Jona D. Hilario (Molecular, Cellular and Developmental Biology Program, The Ohio State University), Louise Rodino-Klapac (Nationwide Childrens Hospital), Chunping Wang (Center for Molecular Neurobiology, The Ohio State University), Christine Beattie (Department of Neuroscience, Center for Molecular Neurobiology, The Ohio State University)

Abstract:
Although numerous axon guidance cues have been identified, few cues have been characterized that function in vertebrate motor axon guidance. Class 5 Semaphorins (Sema) are transmembrane protein ligands that are unique in that they contain a Sema domain and multiple thrombospondin repeats in their extracellular domain.
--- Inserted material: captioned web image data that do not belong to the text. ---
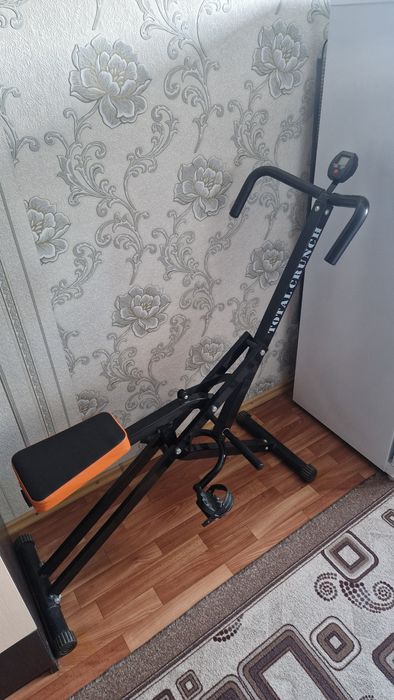 Продается тренажёр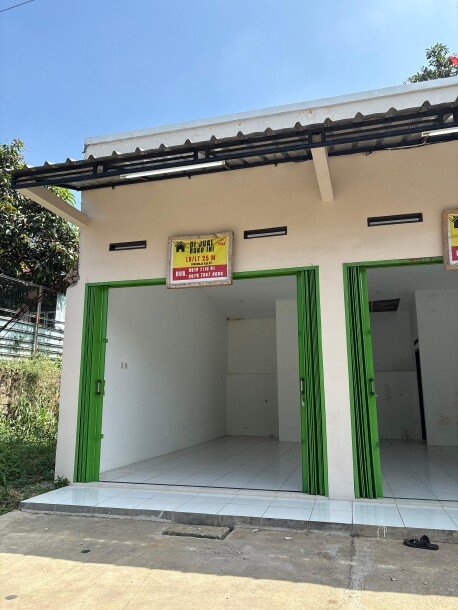 Dijual Cepat Ruko Murah di Cileunyi Bandung Pinggir Jalan Tanpa Bank-7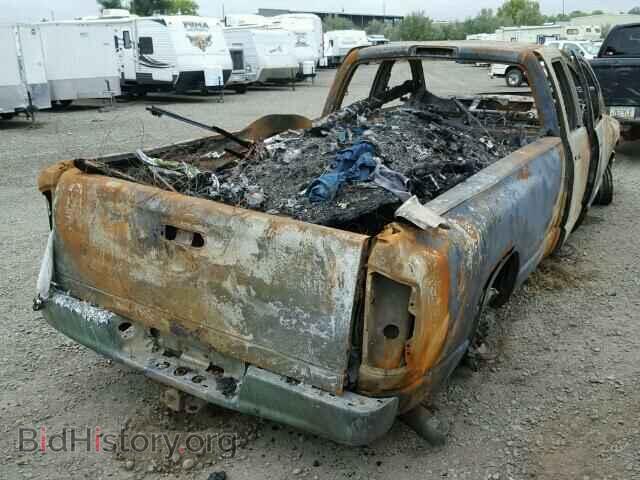 2007 DODGE RAM 3500 - VIN: 3D7MX38A17G842465 - Фото 4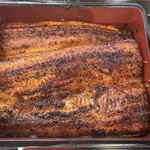 鰻の成瀬 盛岡店 - 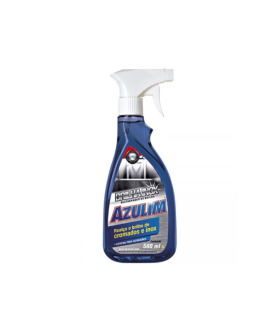 Brilha Inox Azulim 500 ml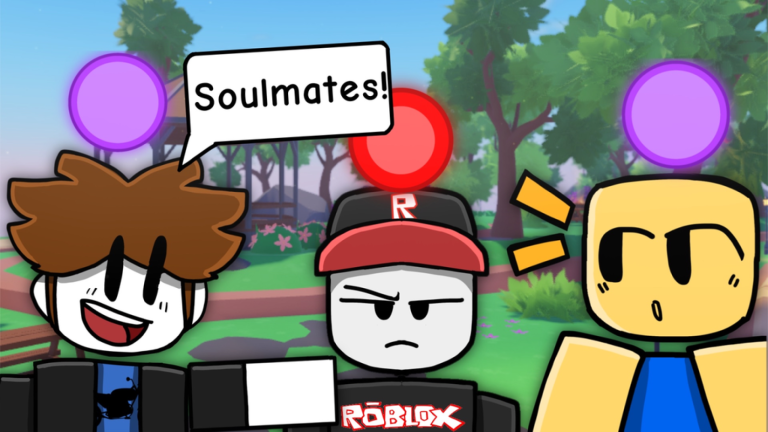 Soulmate Color 🎨 screenshot 4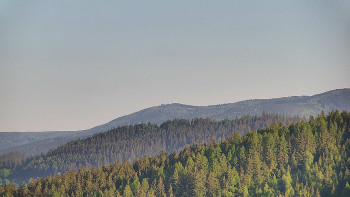 Ski areál U Sachovy studánky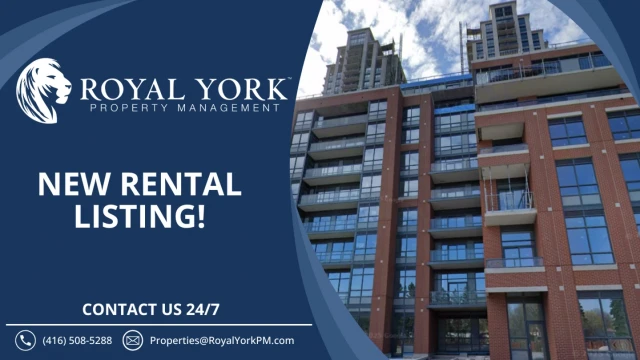 Greater Toronto Area Apartment 2 b. $2,800/month. Apartment for rent in Greater Toronto Area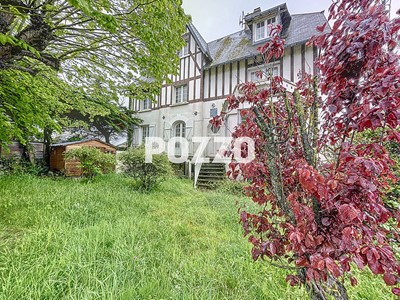 Maison Vente Agon-Coutainville 8p 224m² 766500€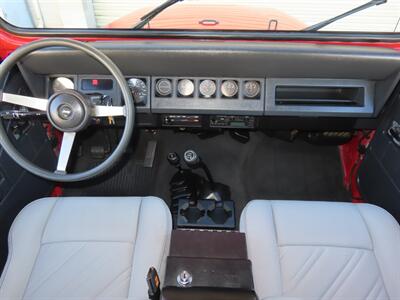 1992 Jeep Wrangler 4WD - Photo 25 - Santa Cruz, CA 95062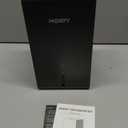 MORFY Dehumidifier, Small Dehumidifier for Bedroom Bathroom RV with Auto Shut Off, Compact Quiet Dehumidifiers for Room Home Closet Laundry Room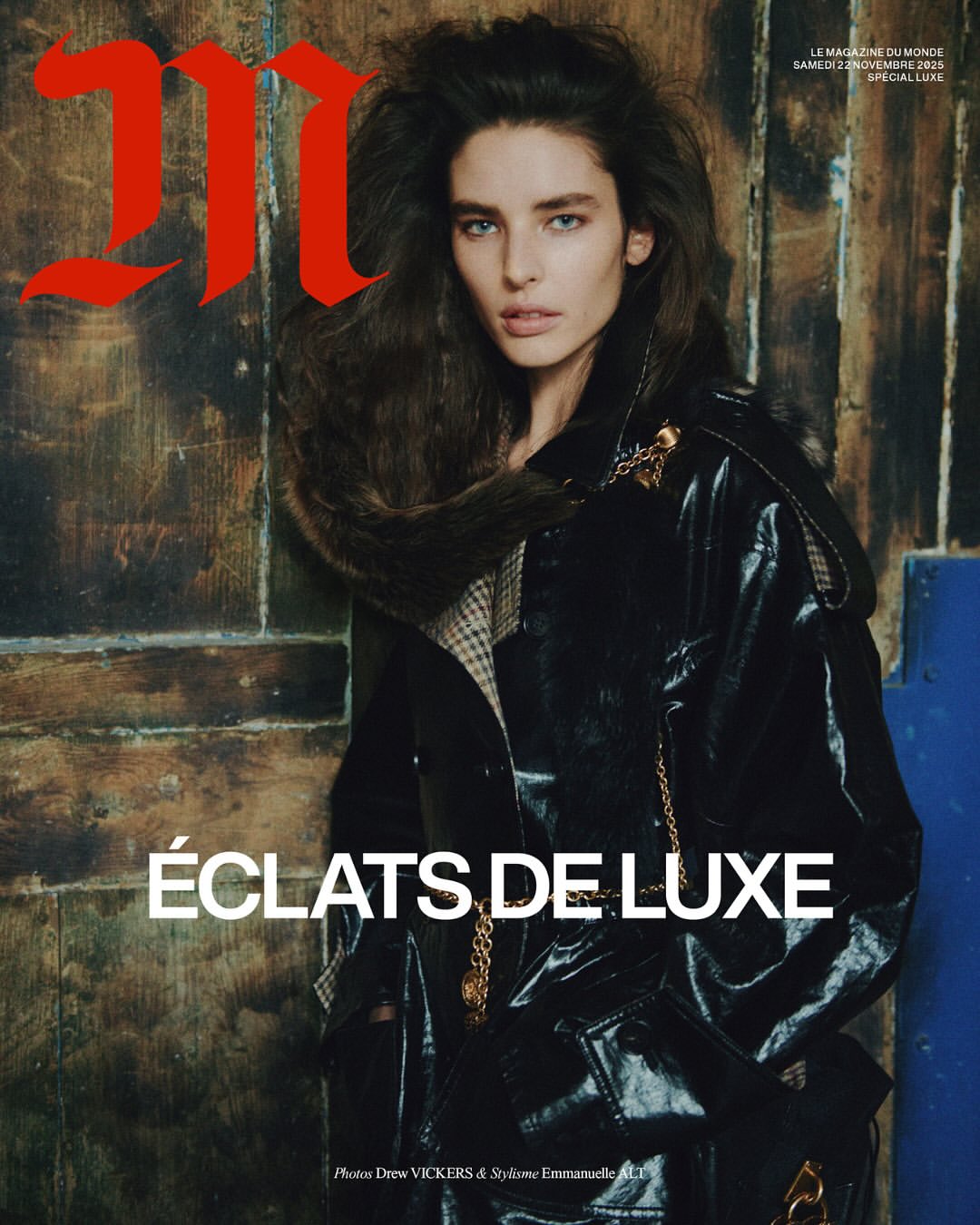 M Le Monde |  Nov. 25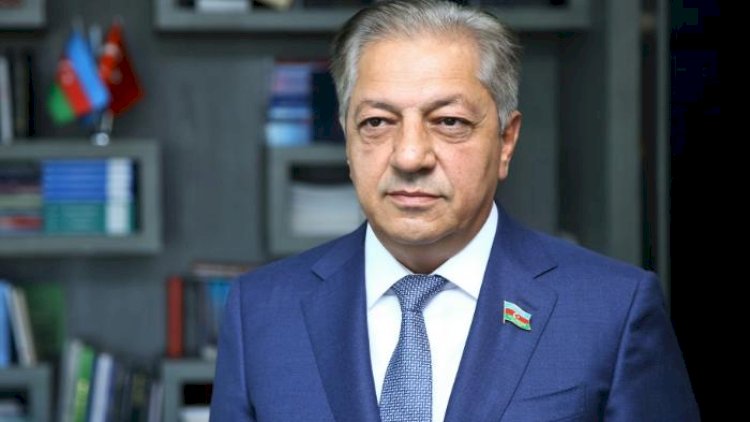    Cavanşir Feyziyevə ağır itki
Semaphorin 5A (Sema5A), a class 5 semaphorin has been shown to have a bifunctional role in guiding axons both in culture and in the rat diencephalon. Here, we show that Sema5A is expressed in the ventral myotome of developing zebrafish during the period of motor axon outgrowth leading us to question whether this molecule functions in motor axon guidance in zebrafish. To test this, we knocked down Sema5A using anti-sense morpholino. Knocking down Sema5A results in 20% of CaP axons observed being delayed in extending to the ventral muscle and 27% of CaP axons observed displaying an aberrant branching phenotype. Both phenotypes were rescued by injection of full-length rat sema5A mRNA. Adding back the rat sema5A sema domain mRNA alone into sema5A morphants also rescued both phenotypes though the rescue of the delay phenotype was relatively moderate. Conversely, adding back the rat sema5A thrombospondin repeat (TSR) domain mRNA alone into sema5A morphants rescued CaP axon extension but not CaP axon branching. To elucidate the Sema5A receptor involved in these functions, we looked at interactions of Sema5A with known Plexins by doing subthreshold co-injections of morpholinos against Sema5A and specific Plexins. Plexin B1-A, Plexin B1-B, and Plexin A3 all did not synergistically interact with Sema5A to promote CaP axon branching and CaP axon extension into the ventral myotome. Sema5A and PlexinA3 subthreshold MO co-injections did, however, triple the number of axons observed per embryo exiting from ectopic points along the spinal cord; a phenotype previously observed in PlexinA3 morphants and mutants. These data suggest that Sema5a and PlexinA3 may be interacting to define specific exit points along the spinal cord. Our data suggest that Sema5a is a bifunctional axon guidance cue in CaP axon pathfinding in the developing zebrafish embryo through the different functions of its thrombospondinrepeat and sema domains and that it could potentially be a ligand for the semaphorin receptor PlexinA3.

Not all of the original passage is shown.